API Documentation

b2luigi summarizes different topics to help you in your everyday task creation and processing. Most important is the b2luigi.process() function, which lets you run arbitrary task graphs on the batch. It is very similar to luigi.build, but lets you hand in additional parameters for steering the batch execution.

Top-Level Function

b2luigi.process(task_like_elements, show_output=False, dry_run=False, test=False, batch=False, **kwargs)

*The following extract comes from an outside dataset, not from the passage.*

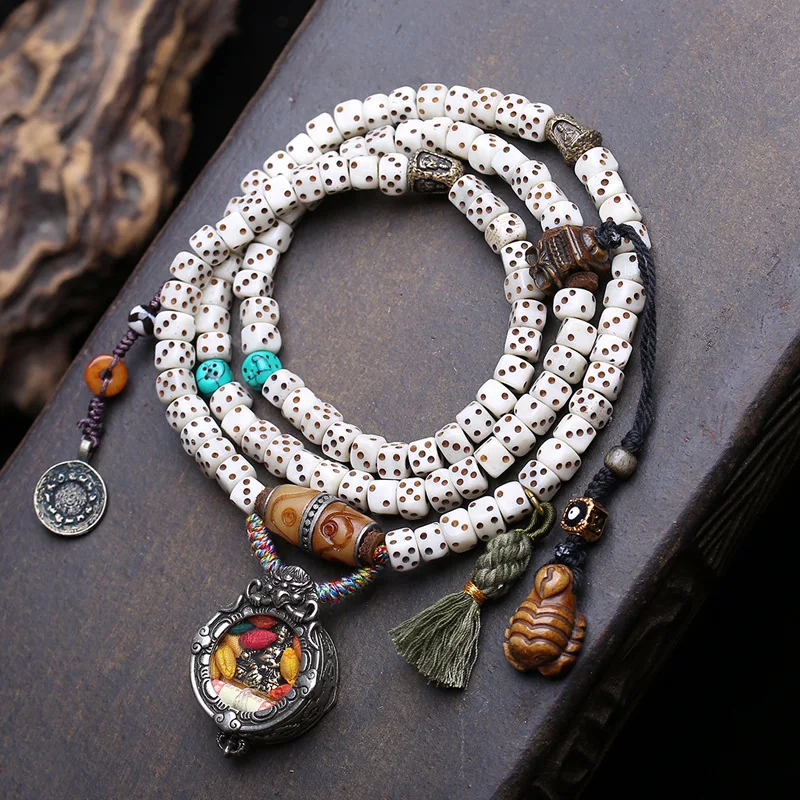 Hand-Held 108-Bead Buddhist Prayer Beads With Backflow Dice, Gahu Box, Yellow Wealth God Pendant, And Old Bone Inlaid Dzi B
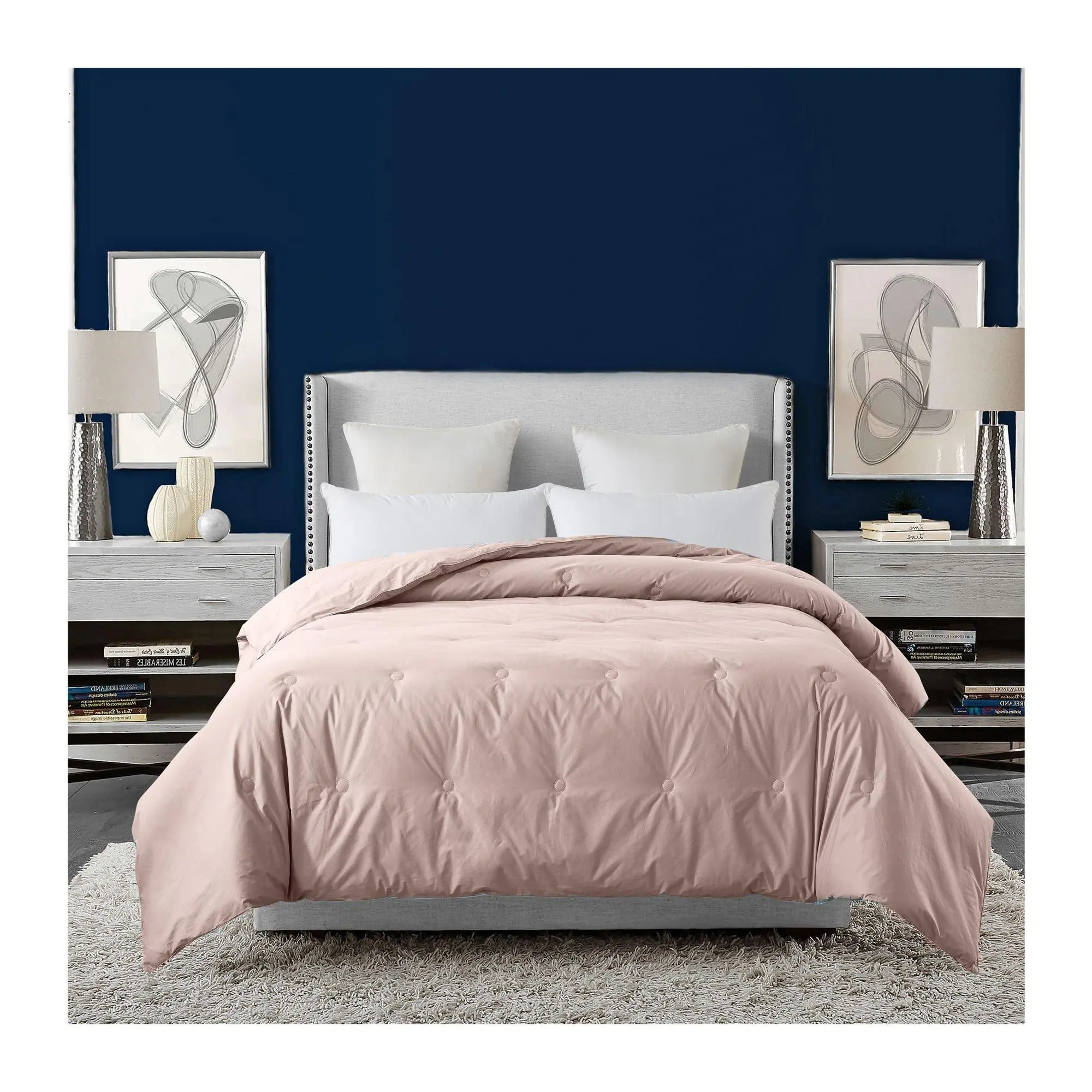 Royal Velvet Tufted Down Alternative Comforter-Blush F/Qn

Call this function in your main method to tell b2luigi where your entry point of the task graph is. It is very similar to luigi.build with some additional configuration options.

Example

This example defines a simple task and tells b2luigi to execute it 100 times with different parametes:

import b2luigi
import random


class MyNumberTask(b2luigi.Task):
    some_parameter = b2luigi.Parameter()

    def output(self):
        return b2luigi.LocalTarget(f"results/output_file_{self.some_parameter}.txt")

    def run(self):
        random_number = random.random()
        with self.output().open("w") as f:
            f.write(f"{random_number}\n")

if __name__ == "__main__":
    b2luigi.process([MyNumberTask(some_parameter=i) for i in range(100)])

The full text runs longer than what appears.